- Title: SOUTH AFRICA: South Africa's divided ANC chooses its leader
- Date: 19th December 2007
- Summary: MAN READING NEWSPAPER CLOSE OF NEWSPAPER WITH FRONT PAGE HEADLINE READING 'ANC RIFTS WIDEN' AND PHOTOGRAPH OF SOUTH AFRICAN PRESIDENT THABO MBEKI AND ANC DEPUTY PRESIDENT JACOB ZUMA
- Embargoed: 3rd January 2008 12:00
- Location: South Africa
- Country: South Africa
- Topics: Domestic Politics
- Reuters ID: LVADFQKANCEA549U05KCO9AXOOEO
- Story Text: Delegates vote in an acrimonious election to choose the leader of South Africa's ruling ANC as one analyst says political rift will continue even after conference ends.
Voting in an acrimonious election to choose the leader of South Africa's ruling ANC has closed and results are expected after 1600 GMT, a senior ANC official said on Tuesday (December 18).
The 3,900 delegates also voted for five other ANC leadership positions.
ANC deputy leader Jacob Zuma is widely expected to oust South African President Thabo Mbeki as party chief in the vote, which was delayed by two days of wrangling between supporters of the two rivals at a party congress.
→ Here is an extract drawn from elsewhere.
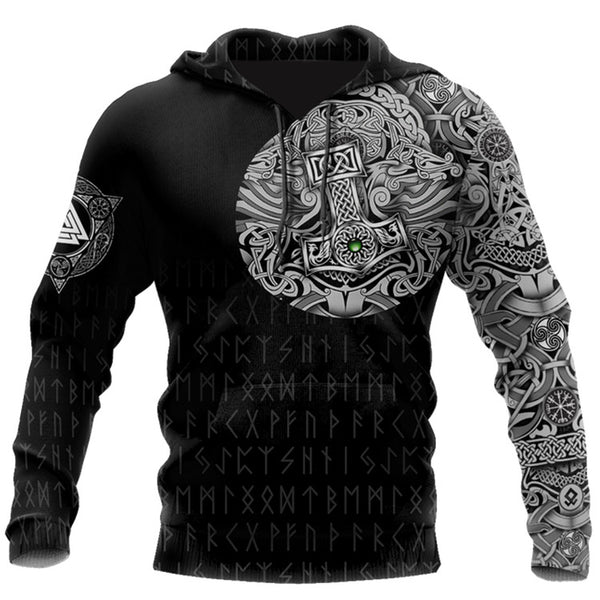 Hoodies Animal Print Street Trend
The vote had been originally scheduled to start at 0400 GMT.
If Zuma wins he is almost certain to become president of South Africa, the African continent's biggest economy, when Mbeki has to stand down in 2009.
The bitter leadership contest in the once monolithic party that has ruled South Africa virtually unopposed since the end of apartheid in 1994 was initially due to take place on Sunday (December 16).
But internal party wrangling and bickering over delegate credentials, voting procedures and reported dirty tricks by both sides forced officials to delay it.
Zuma, backed by trade unions, communists and grassroots ANC members, went into the December 16-20 congress with huge momentum, having won nearly double the number of branch nominations over Mbeki.
But some investors fear a Zuma victory could lead to a reversal of the centrist course Mbeki has charted during his eight years in power and which many credit for economic growth.
Zuma has tried to reassure investors there would be no sweeping policy changes under his leadership.
His supporters have stuck with him through his dismissal by Mbeki as the country's deputy president in 2005, a rape trial and corruption allegations.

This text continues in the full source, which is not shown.